Problem description.
Where a line of the data holds the word "page", copy that line.
___
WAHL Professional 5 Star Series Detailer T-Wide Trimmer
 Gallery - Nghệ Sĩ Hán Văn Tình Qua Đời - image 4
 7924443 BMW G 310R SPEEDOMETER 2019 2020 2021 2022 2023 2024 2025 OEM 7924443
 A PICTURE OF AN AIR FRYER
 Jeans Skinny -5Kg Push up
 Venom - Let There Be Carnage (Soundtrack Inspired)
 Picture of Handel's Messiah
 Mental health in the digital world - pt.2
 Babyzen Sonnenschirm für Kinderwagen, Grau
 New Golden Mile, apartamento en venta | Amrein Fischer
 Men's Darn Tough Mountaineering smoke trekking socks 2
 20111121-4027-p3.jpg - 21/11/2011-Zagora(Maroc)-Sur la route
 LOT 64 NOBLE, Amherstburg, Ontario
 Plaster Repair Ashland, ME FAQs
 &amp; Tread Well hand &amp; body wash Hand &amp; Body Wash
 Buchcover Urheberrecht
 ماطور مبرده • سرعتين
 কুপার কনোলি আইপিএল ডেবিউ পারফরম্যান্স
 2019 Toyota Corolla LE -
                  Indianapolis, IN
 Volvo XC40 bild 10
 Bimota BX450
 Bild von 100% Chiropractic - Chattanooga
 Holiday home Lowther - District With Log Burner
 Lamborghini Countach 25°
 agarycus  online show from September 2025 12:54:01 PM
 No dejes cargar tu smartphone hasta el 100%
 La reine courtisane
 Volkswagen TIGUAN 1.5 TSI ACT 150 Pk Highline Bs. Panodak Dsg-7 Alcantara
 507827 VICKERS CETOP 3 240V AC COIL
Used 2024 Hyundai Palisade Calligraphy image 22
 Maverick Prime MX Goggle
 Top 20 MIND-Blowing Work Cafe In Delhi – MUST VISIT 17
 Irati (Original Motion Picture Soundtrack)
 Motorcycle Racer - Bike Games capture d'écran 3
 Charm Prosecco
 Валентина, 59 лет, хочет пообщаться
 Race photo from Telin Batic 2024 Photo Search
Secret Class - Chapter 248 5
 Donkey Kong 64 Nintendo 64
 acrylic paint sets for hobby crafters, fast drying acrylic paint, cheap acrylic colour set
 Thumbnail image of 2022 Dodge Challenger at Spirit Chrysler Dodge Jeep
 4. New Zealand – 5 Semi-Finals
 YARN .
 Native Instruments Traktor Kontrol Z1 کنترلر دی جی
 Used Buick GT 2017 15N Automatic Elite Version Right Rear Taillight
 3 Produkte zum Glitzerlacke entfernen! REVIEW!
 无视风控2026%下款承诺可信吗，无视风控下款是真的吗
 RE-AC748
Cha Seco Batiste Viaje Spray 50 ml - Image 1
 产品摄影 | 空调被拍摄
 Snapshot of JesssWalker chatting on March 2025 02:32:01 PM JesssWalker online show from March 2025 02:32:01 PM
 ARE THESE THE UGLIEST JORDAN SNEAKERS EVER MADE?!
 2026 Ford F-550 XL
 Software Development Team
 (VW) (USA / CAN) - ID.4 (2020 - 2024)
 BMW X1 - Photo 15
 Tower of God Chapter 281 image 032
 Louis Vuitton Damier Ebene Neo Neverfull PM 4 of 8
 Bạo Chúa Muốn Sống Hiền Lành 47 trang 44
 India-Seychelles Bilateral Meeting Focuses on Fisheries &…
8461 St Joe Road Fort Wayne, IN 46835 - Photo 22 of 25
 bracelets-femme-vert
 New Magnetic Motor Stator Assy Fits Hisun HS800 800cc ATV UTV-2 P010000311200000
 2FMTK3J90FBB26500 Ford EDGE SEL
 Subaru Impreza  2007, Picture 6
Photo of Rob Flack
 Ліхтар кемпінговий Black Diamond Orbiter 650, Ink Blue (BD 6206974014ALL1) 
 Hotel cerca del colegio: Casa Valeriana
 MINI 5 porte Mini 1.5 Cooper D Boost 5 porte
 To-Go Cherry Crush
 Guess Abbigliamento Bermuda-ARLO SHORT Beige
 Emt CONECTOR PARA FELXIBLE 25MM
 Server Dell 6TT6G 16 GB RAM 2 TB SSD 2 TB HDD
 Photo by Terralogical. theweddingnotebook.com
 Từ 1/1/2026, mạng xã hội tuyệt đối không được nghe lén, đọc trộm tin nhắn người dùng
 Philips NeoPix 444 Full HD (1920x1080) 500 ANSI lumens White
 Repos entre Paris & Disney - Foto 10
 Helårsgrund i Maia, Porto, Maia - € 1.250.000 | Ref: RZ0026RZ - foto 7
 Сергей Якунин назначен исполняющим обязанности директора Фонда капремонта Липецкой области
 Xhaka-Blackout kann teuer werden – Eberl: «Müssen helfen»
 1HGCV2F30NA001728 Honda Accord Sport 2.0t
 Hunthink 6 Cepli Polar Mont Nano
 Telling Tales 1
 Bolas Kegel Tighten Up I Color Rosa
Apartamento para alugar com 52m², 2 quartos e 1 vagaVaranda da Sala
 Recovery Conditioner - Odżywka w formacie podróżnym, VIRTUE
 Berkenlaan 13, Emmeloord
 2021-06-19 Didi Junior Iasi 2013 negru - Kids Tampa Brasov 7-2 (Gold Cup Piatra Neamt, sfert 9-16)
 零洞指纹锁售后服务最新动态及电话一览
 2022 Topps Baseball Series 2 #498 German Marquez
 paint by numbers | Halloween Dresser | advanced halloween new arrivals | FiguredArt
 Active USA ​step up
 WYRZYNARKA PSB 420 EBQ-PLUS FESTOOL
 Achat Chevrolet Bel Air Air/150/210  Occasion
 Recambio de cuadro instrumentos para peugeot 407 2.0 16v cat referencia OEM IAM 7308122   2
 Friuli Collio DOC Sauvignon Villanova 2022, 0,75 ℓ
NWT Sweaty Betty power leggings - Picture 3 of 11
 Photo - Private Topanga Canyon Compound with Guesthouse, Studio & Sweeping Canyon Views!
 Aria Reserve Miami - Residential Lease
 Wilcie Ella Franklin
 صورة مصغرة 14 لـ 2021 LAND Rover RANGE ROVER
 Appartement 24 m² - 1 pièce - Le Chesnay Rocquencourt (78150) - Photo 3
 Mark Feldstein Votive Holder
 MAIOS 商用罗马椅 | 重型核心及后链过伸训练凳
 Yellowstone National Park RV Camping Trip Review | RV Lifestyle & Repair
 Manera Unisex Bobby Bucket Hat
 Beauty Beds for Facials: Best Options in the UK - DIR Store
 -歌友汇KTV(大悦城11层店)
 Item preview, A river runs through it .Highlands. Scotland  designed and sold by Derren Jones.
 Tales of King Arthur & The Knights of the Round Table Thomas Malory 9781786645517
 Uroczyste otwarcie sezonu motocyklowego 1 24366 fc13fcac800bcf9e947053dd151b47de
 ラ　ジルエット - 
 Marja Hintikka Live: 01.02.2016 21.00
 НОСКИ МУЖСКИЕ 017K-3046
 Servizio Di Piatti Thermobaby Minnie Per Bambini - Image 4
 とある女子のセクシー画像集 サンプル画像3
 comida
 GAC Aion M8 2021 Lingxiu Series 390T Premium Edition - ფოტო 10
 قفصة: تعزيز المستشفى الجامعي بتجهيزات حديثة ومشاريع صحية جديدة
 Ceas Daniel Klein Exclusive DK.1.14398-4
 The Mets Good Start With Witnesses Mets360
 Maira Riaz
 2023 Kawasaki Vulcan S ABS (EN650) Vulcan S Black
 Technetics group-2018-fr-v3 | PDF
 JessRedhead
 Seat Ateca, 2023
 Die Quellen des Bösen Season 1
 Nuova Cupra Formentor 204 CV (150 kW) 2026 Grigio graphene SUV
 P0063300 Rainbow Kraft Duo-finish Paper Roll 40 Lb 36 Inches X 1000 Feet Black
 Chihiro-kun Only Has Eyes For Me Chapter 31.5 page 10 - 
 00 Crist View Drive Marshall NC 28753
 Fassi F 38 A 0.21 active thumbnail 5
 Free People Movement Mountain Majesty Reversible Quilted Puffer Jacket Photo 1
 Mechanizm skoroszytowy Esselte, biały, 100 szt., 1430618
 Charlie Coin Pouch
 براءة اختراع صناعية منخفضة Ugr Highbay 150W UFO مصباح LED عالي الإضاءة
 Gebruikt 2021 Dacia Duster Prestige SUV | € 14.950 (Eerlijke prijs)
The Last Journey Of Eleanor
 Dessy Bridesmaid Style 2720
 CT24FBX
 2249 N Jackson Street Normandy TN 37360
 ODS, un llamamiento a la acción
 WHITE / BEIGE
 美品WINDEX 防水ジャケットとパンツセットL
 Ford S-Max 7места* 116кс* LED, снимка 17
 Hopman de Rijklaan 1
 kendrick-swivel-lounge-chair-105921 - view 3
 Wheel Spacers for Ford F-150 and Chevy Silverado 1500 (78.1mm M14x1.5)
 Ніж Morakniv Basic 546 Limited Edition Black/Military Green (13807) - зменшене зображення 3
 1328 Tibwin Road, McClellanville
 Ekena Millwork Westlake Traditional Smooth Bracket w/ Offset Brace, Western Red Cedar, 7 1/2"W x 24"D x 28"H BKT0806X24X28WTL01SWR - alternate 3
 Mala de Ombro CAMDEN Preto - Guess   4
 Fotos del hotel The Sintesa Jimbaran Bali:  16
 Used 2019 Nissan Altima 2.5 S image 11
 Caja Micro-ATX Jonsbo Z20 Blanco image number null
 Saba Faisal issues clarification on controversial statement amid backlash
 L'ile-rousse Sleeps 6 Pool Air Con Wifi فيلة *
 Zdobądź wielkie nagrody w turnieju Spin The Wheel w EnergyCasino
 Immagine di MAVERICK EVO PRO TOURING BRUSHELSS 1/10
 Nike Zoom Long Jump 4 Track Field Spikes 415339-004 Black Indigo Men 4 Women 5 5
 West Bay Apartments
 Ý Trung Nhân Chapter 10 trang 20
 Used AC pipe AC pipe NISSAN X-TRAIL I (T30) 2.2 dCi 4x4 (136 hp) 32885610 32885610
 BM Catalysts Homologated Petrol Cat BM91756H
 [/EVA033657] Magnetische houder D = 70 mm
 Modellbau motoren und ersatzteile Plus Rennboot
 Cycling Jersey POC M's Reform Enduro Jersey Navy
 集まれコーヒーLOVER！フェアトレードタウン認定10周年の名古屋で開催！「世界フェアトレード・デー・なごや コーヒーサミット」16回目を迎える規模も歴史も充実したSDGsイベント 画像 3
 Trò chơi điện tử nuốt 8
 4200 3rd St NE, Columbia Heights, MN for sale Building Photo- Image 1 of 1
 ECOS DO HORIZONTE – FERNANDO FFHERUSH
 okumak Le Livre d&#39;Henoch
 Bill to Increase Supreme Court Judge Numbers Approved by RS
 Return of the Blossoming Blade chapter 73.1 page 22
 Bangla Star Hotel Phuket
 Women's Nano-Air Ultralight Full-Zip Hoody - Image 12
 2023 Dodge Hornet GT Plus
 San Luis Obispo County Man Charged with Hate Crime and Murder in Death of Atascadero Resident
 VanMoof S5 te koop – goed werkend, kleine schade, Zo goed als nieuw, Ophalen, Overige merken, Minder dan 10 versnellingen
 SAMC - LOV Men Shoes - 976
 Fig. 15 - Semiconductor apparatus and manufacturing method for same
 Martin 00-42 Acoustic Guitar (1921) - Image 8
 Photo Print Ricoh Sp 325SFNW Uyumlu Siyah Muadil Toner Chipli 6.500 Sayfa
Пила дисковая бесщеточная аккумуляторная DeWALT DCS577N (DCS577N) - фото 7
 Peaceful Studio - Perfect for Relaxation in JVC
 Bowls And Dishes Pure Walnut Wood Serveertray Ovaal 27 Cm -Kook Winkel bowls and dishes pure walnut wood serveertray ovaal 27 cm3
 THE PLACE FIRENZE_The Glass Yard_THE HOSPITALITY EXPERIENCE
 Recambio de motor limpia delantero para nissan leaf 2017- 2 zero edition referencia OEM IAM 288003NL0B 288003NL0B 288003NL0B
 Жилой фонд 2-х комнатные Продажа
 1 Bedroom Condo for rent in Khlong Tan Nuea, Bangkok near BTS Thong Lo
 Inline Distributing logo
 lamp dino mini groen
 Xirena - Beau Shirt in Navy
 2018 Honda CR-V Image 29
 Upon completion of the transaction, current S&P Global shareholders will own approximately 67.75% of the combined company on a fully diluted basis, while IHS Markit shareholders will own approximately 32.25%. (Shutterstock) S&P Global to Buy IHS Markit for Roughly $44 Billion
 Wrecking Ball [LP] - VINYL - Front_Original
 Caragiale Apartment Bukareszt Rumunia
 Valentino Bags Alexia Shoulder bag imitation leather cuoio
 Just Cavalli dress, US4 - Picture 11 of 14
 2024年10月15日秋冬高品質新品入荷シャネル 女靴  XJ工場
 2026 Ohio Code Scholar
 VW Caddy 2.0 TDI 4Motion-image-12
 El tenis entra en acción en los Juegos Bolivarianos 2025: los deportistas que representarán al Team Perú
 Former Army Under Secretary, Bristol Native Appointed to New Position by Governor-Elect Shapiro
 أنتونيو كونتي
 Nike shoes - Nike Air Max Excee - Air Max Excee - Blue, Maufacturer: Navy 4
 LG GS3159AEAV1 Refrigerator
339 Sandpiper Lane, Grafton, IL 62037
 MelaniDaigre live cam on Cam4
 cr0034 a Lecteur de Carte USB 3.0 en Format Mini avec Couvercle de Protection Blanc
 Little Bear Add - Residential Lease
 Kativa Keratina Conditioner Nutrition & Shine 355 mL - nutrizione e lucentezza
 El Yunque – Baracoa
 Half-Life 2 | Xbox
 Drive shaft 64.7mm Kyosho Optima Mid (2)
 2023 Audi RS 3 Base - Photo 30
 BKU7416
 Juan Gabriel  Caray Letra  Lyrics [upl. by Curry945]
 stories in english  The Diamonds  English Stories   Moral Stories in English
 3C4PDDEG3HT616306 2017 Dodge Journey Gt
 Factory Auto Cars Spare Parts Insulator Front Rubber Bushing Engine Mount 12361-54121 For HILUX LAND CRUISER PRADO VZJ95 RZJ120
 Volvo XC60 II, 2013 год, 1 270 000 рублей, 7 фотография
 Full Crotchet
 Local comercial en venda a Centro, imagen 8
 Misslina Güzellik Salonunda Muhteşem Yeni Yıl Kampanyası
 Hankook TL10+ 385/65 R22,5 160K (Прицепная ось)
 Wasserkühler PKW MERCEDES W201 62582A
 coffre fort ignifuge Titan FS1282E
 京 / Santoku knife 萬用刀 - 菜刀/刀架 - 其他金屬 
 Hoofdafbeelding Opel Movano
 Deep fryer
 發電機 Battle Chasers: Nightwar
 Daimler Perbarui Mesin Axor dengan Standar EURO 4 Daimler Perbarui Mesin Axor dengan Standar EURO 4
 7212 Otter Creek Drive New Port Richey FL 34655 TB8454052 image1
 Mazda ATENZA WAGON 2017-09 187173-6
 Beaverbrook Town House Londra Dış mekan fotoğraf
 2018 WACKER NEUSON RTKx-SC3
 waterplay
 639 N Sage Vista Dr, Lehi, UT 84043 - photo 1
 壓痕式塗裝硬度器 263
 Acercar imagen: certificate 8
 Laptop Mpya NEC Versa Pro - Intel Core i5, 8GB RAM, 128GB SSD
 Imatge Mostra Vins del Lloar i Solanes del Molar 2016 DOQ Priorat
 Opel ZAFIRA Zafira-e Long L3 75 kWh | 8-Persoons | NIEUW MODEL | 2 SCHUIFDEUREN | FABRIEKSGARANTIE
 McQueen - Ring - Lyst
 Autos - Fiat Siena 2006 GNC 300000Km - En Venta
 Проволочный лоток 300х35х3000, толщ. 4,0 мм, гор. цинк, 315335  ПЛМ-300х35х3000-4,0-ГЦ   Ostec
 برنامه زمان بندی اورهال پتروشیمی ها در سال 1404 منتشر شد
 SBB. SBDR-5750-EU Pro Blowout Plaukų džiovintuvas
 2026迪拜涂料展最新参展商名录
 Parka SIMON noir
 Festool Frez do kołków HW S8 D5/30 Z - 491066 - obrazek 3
___
Problem solution.
 Chihiro-kun Only Has Eyes For Me Chapter 31.5 page 10 - 
 Return of the Blossoming Blade chapter 73.1 page 22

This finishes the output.